Was bedeutet es, Trotzki zu sein, der Führer einer Weltrevolution, die ihn schließlich, wie grotesk, so ähnlich exiliert wie zuvor der historische Feind, das Zarenreich? Über die eigene Revolution zu schreiben ist eine Selbstbehauptung, um die beiden Brüche zu verarbeiten, den heroischen, selbst herbeigeführten Bruch mit der Vergangenheit und den erlittenen Bruch, die Vertreibung aus der eigenen Zukunft. Trotzki muss und möchte an ihr festhalten, um nicht an ihr zu zerbrechen. Anders als die Weggefährten bietet das Exil einen Ort, um sich selbst zu bewahren, auch wenn der Anführer der Oktoberrevolution den Schergen des Mannes zum Opfer fällt, der sich vielsinnig als deren Schlächter bezeichnen lässt, der im Gefolge der bis heute unheimlichen Moskauer Prozesse alle seine Weggefährten zweifach hinrichtet, symbolisch (durch die erniedrigenden Geständnisse) und real. In diesem Sinne wiederholt sich der Terror der Französischen Revolution.

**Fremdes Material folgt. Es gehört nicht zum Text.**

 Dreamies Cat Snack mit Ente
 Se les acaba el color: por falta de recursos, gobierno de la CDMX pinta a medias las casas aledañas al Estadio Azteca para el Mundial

Die Figur des gebrochenen Revolutionärs haben zwei österreichische Schriftsteller beschrieben, der junge Manès Sperber (Charlatan und seine Zeit, 1924) und sein Landsmann Joseph Roth. Dessen Romanfragment Der stumme Prophet war in der posthum erschienenen Taschenbuchausgabe mit einem Bild Trotzkis auf dem Deckel illustriert. Wie bei Sperber wird auch bei Roth die Frage virulent, was seinen Protagonisten dazu verleitet "noch einmal für eine Sache zu leiden, von der er nicht mehr überzeugt war". Roths stummer Prophet Friedrich Kargan ist aus einem anderen Holz geschnitzt als der vertriebene Revolutionär, der ungeachtet seiner Vertreibung an seinen Idealen festhält, daran, dass er der eigentliche Kommunist ist, der am Ende Recht behalten wird. Kargan, ein Triestiner, ist wiederum der Mensch zwischen Melancholie und Zynismus, den die Revolution verlassen hat und der nie mehr zu Hause ankommen wird.

Ernüchterte Rückkehr

1926 reiste Roth, damals im Auftrag der linksliberalen Frankfurter Zeitung nach Sowjetrussland. Der skeptische Gefühlssozialist kam ernüchtert aus dem linken Musterland zurück. Wenn man bedenkt, dass es damals für einen Linken kaum opportun war, den neuen Sozialismus in Russland allzu scharf zu kritisieren, ist dieser Reisebericht durchaus bemerkenswert. Er malt ein skeptisches Bild der Lage der Juden, er verweist auf die zunehmende Unterdrückung, er prangert den heimlichen Kapitalismus des Systems (NEP) an. Zwischen den Zeilen und in unveröffentlichten Notizen macht er sich keine Illusionen mehr, in welche Richtung sich das Sowjetregime entwickeln wird. Die Zukunft, heißt es in Der stumme Prophet, gehört "Fußball und Flugzeug", nicht "Hammer und Sichel".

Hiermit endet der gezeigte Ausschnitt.